En 1934, Jacob Glatstein quitte New York, à bord d’un bateau, pour retourner en Pologne afin de revoir sa mère mourante.
Vingt ans auparavant, il avait fait le voyage dans l’autre sens. Le récit de ses rencontres sur le navire et durant la suite de son parcours offre un intérêt à la fois documentaire – l’auteur est doué pour capter l’esprit du temps – et littéraire, grâce à l’écriture vigoureuse, souvent pittoresque, parfois poétique et toujours empreinte d’humour de Glatstein. Hélas, la traduction est émaillée d’imperfections qui gâchent le plaisir au lecteur.
Certaines phrases restent obscures même quand on les a relues plusieurs fois : “Pour le « luxe » de vivre (en plus du toit au-dessus de ma tête, du vêtement, du repas chaud et de ma femme), je me suis débarrassé de tant de problèmes empoisonnés.“ (p. 37). Les fautes de concordance des temps sont si frappantes qu’on subodore que personne n’a relu le manuscrit (pp. 40, 46–47, 139, 144). Par endroits, le discours rapporté est traduit dans un mélange de styles direct et indirect qui brouille le sens : “- Comment ai-je pu penser qu’il était juif ? me demanda-t-il.“ (p. 61) ou “- Oui, à Paris, elle a beaucoup d’amis russes. Mais ceux-là, me confie-t-elle, sont très différents des gardes blancs.“ (p. 144).

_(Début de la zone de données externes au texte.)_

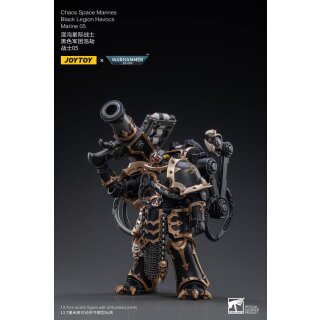 Warhammer 40k Actionfigur 1/18 Black Legion Havocs Marine 05 14 cm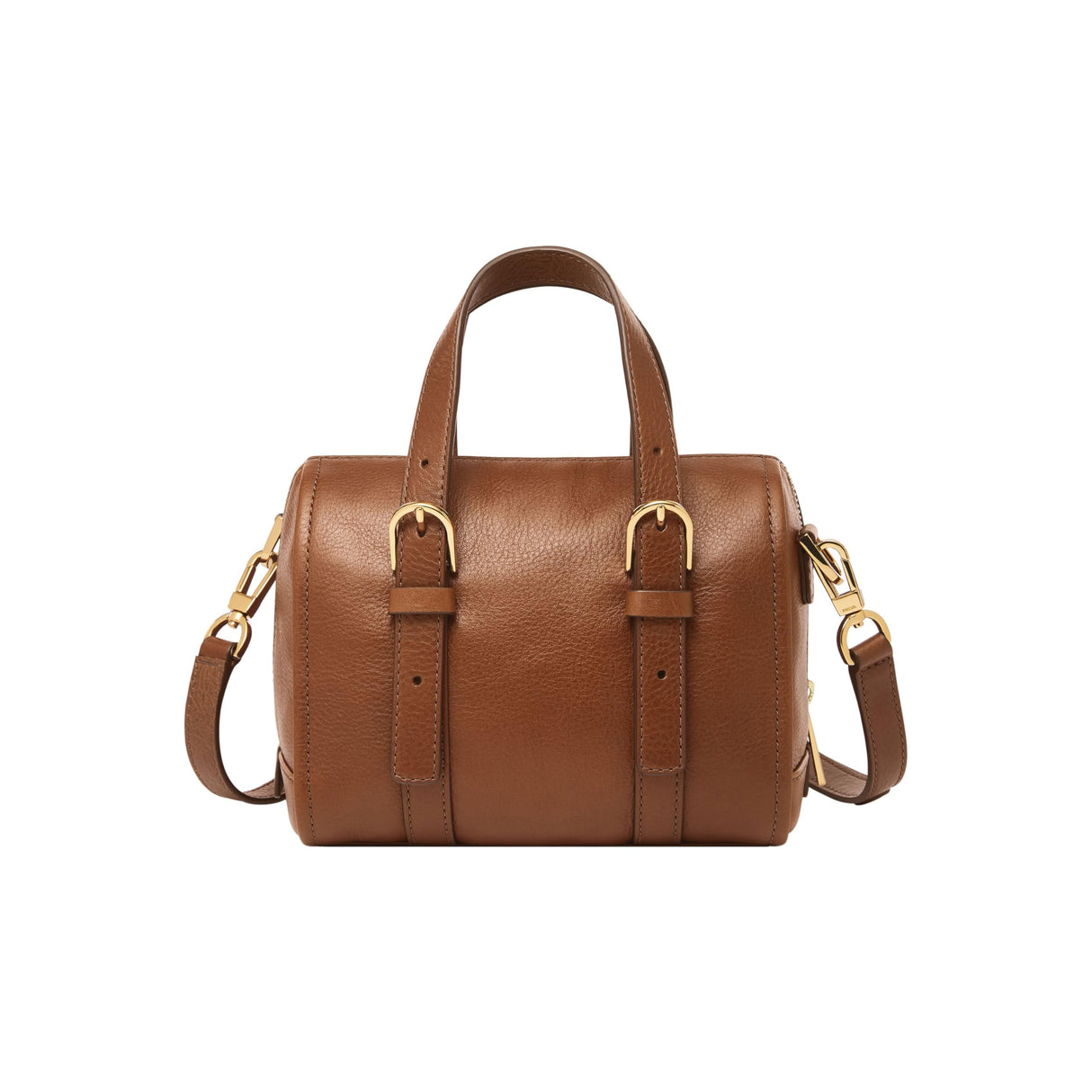 Fossil Carlie, Satchel para Mujer, marrón, 19 cm L x 12.1 cm W x 17.1 cm H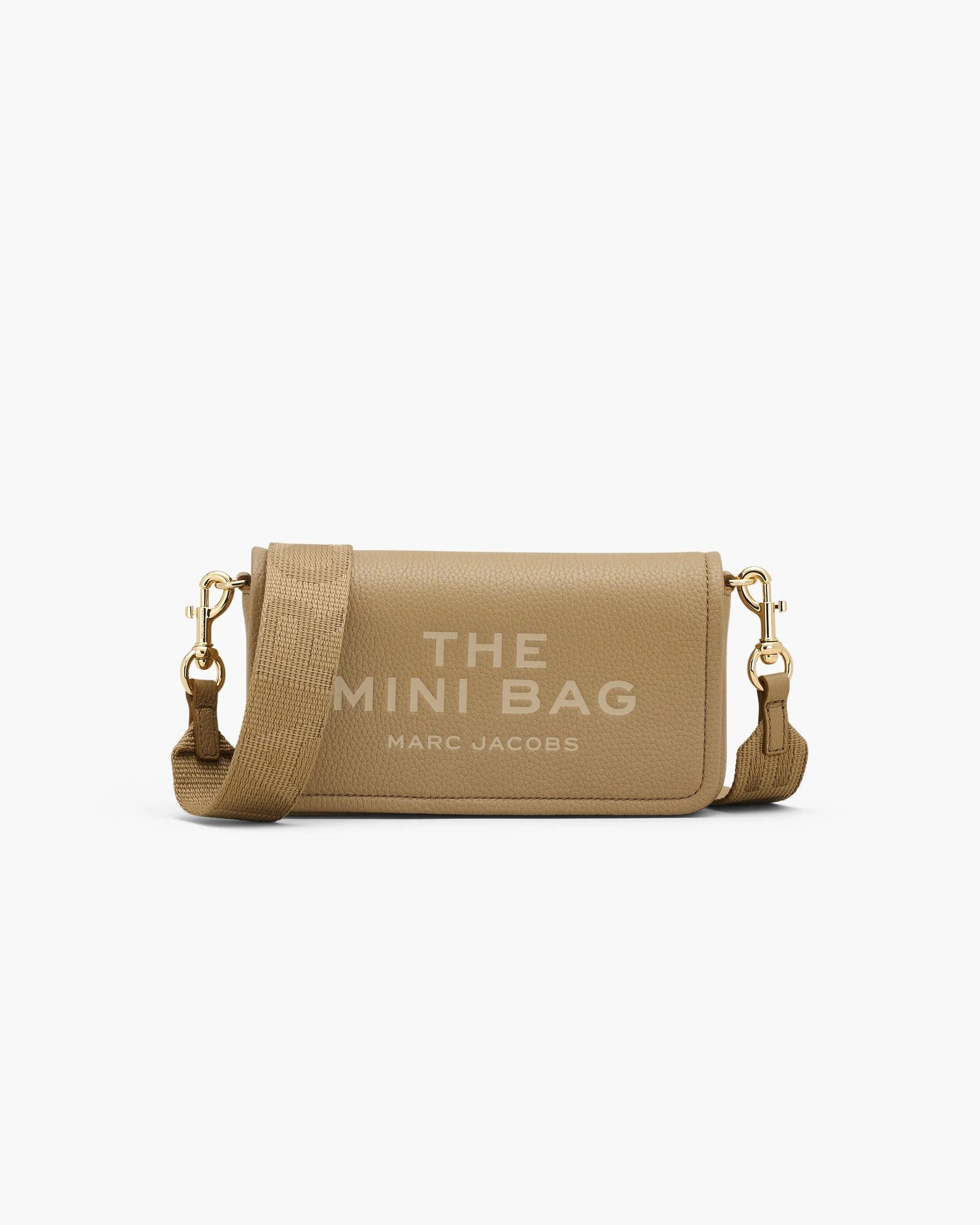 Bolsa Marc Jacobs The Leather Mini Bag, Couro Legítimo, cor Camelo, vista frontal | Original Exports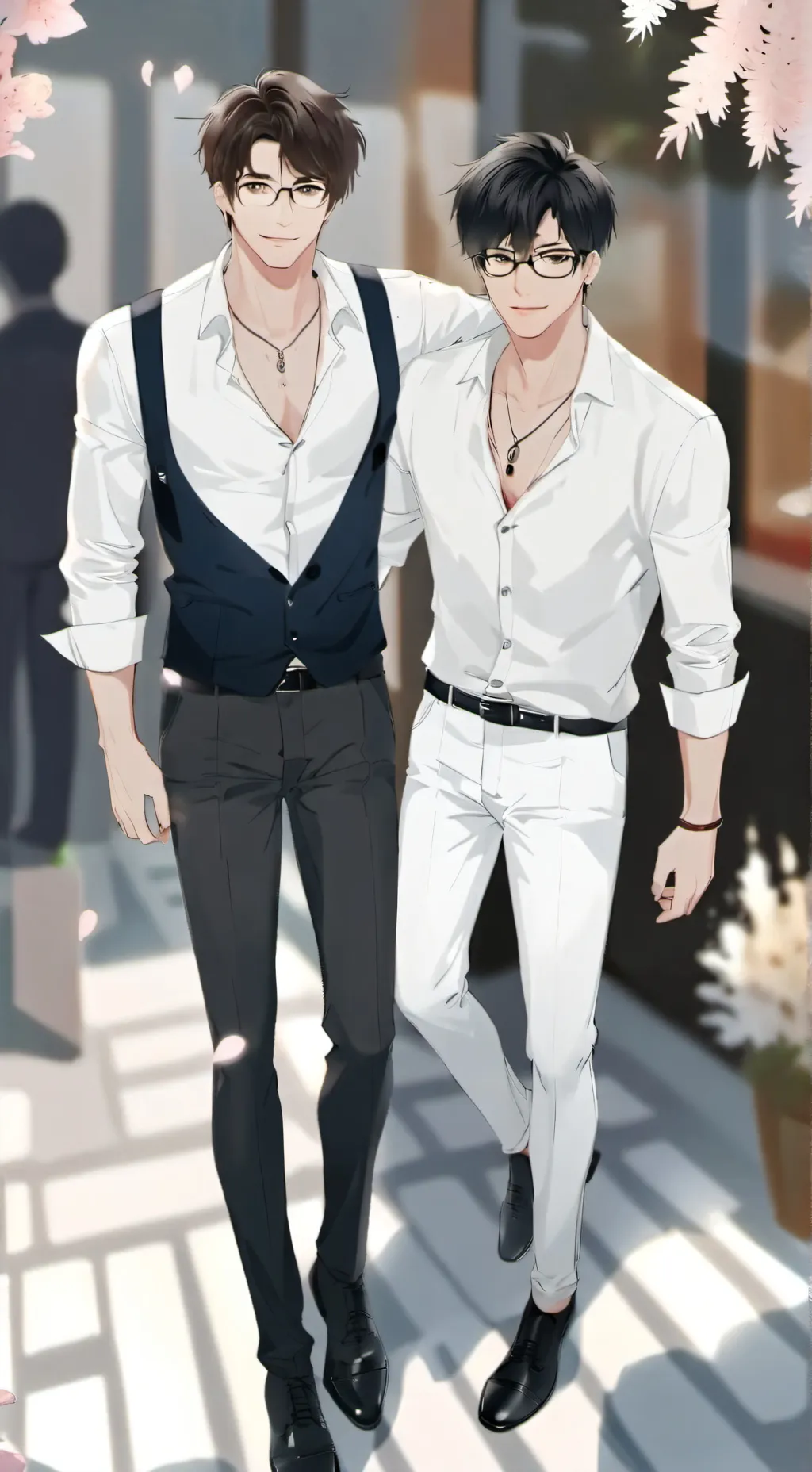 ai character: Finn & Sebastian  background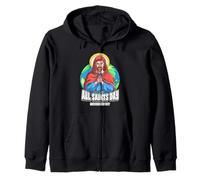 Saints Day November 1st Celebrate All Churches Zip Hoodie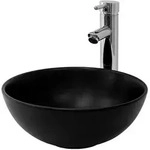 LuxeBath ML-Design Aufsatzwaschbecken Keramik Schwarz matt &Oslash; 32 &times; 13,5 cm,...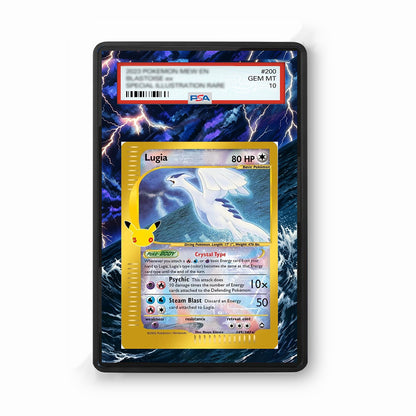 lugia 142/103 30th Anniversary - Gradeguardian Extended Artwork For Psa / Cgc / Bgs / Tag
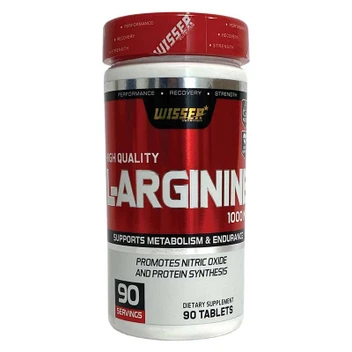 تصویر ال آرژنین ۱۰۰۰ میلی گرم ویثر نوتریشن ۹۰ عدد | Wisser Nutrition L-Argenine 1000 mg 90 Tab 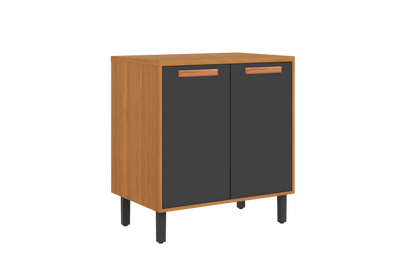 Best Base Kitchen Wooden CabinetCupboard with 2 Doors in Cinnamon Finish - Napoles Graphite Flat Pack DIY | Buy Online a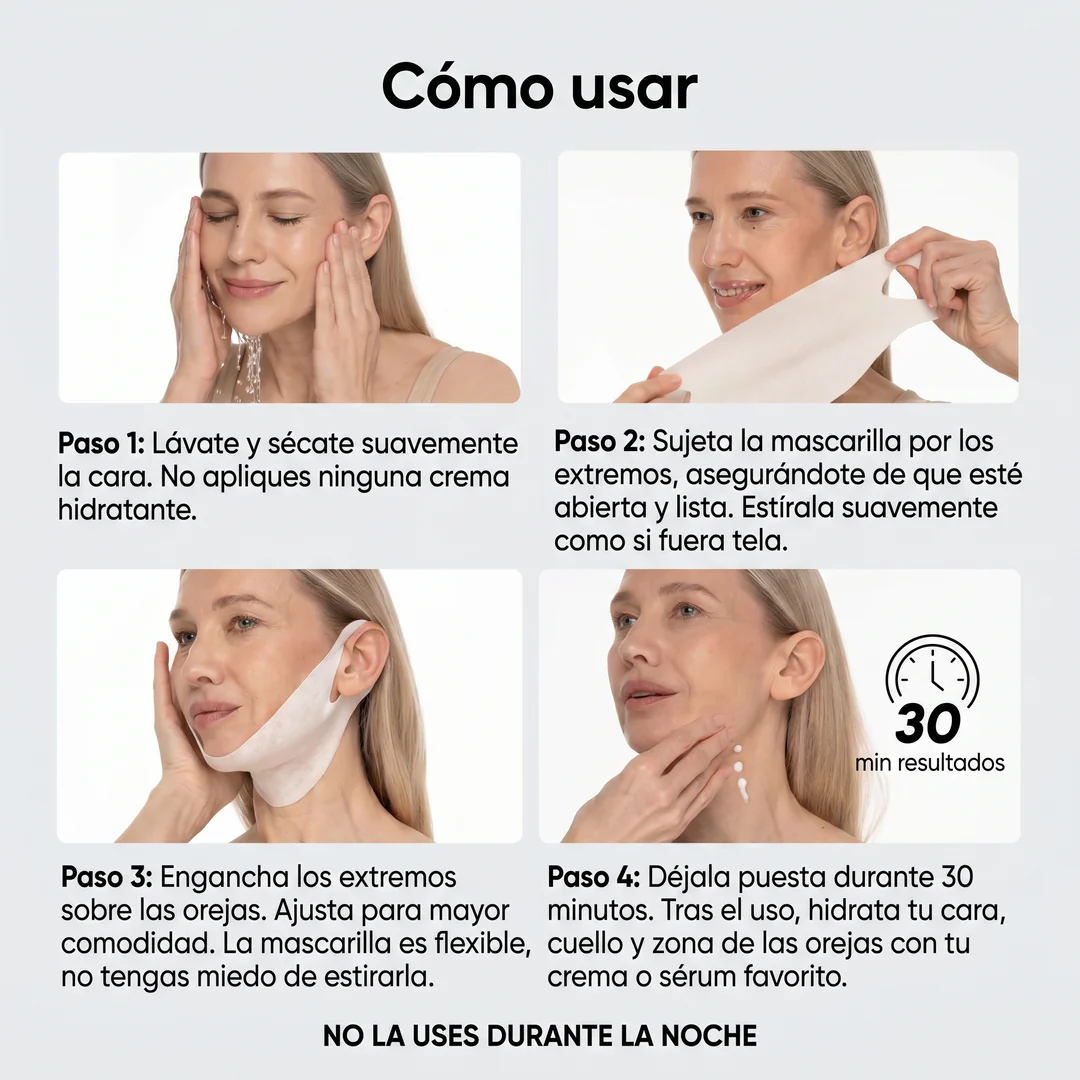 Mascarilla Lifting V-Line – Efecto Tensor y Redefinición Facial - Image 4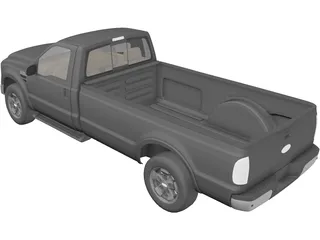 Ford F-150 Pickup 3D Model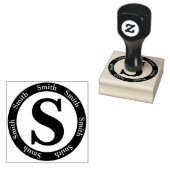 Smith Letter S Monogram Art Rubberstempel (Gestempeld)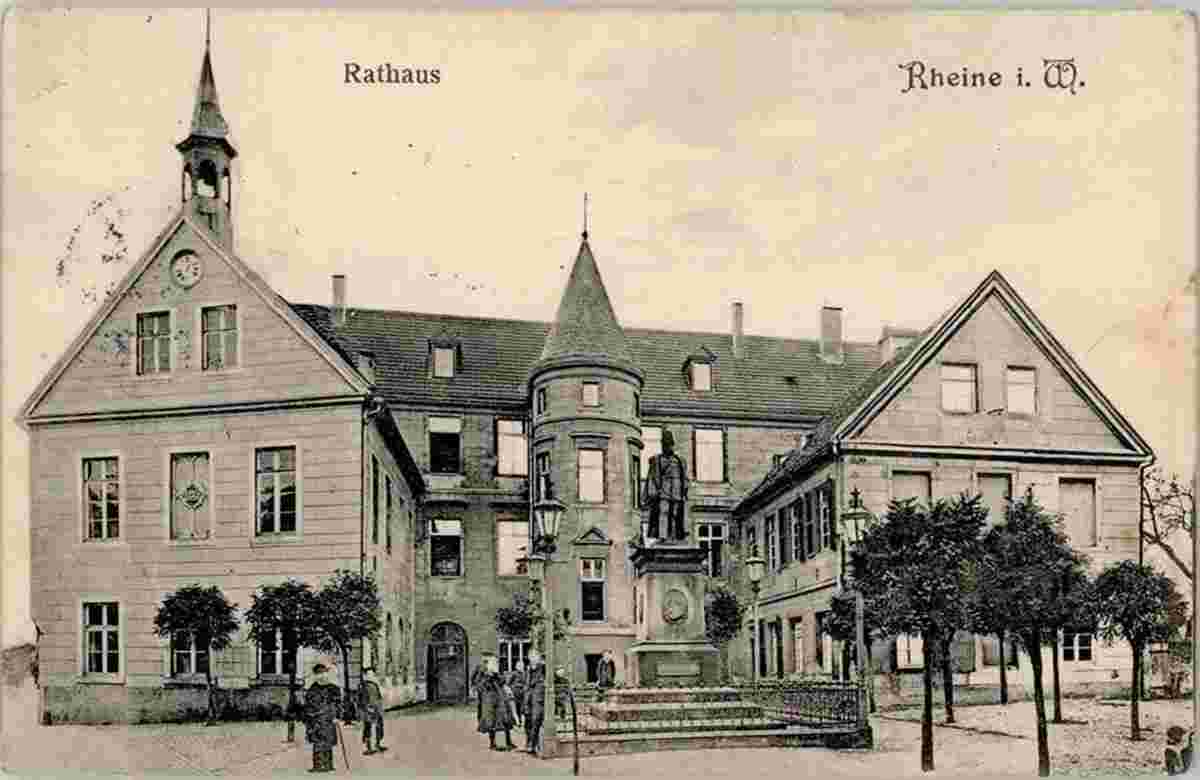 Rheine. Rathaus und Denkmal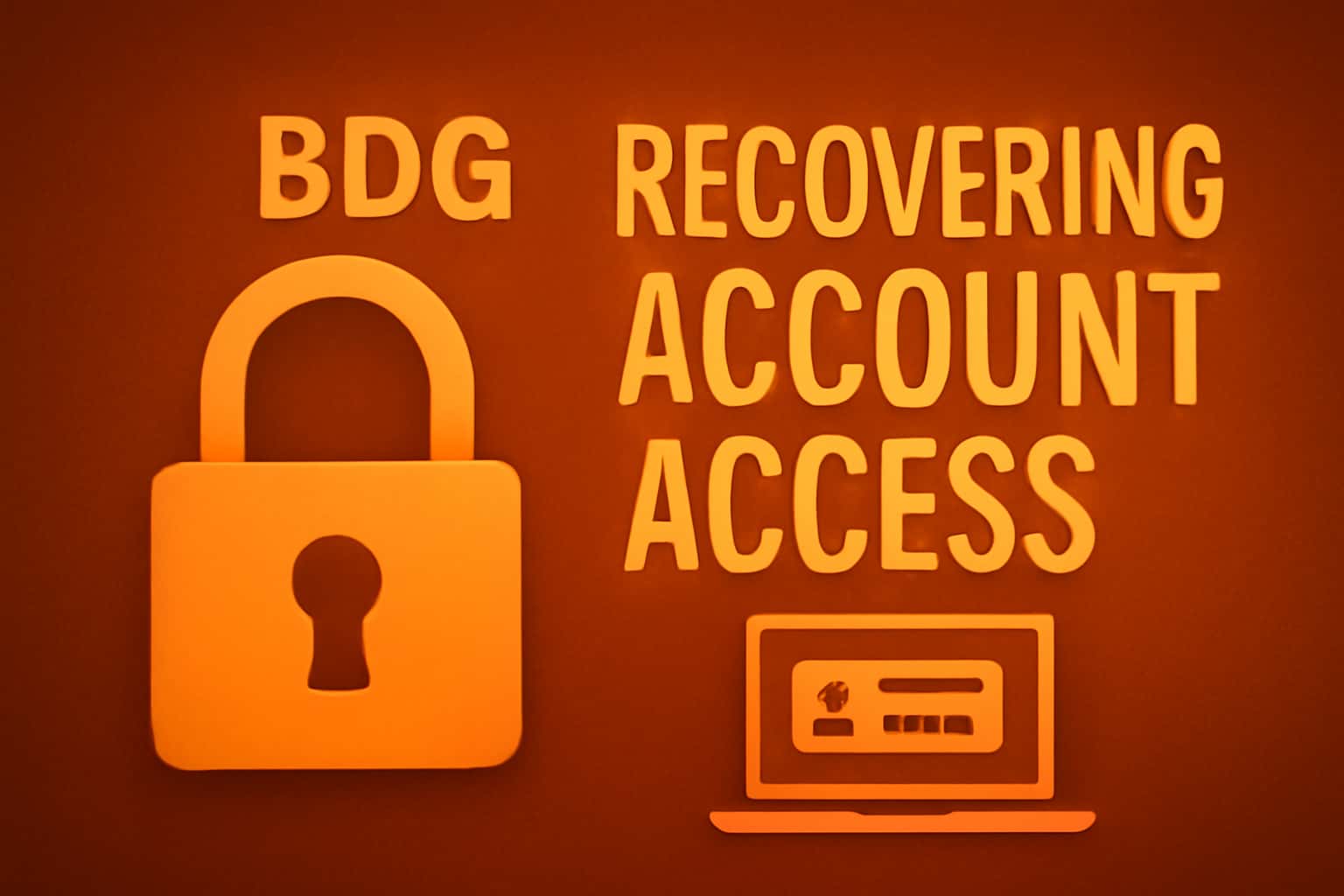 An illustration showcasing the process of account recovery for BDG Game users.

A ces défauts s’ajoutent des maladresses et des lourdeurs : “Dans le paradis international du navire, la nouvelle concernant Hitler fut la première gifle reçue à ma judéité“ (p. 50), “Pour cela, il fallait même se conduire avec ses enfants sans s’encombrer de racines, car à quoi bon prendre le temps de nouer une vraie connaissance ?“ (p. 52), “Que ferai-je à soixante ans, quand la littérature, sous la pression économique d’une « guerre de trente ans », aura totalement perdu ses fondements et ne restera que la curiosité des médisants pour explorer « le livre de vie » l’un de l’autre ?“ (pp. 53–54) ou “Je ne rattachais pas le moins du monde sa classe ouvrière sous les traits épuisés de nos travailleurs de la ville“ (p. 131).
On peut relever aussi des incongruités telles que “dures et friables comme des crêpes“ (p. 130) ou “ces morceaux de viande dures“ (sic !), “qu’il faut mâcher comme de coriaces peaux d‘oie et qui s’emmêlent dans la bouche comme les pages d’un recueil de prières“, description correspondant à un plat de tripes (p. 228).
On est certain que c’était mieux formulé dans le texte original, mais faute de connaître le yiddish, on n’a aucun moyen de deviner en quels termes.
agathe de lastyns
Jacob Glatstein, Voyage à rebours, traduit du yiddish par Rachel Ertel, l’Antilope, janvier 2023, 352 p. – 23,00 €.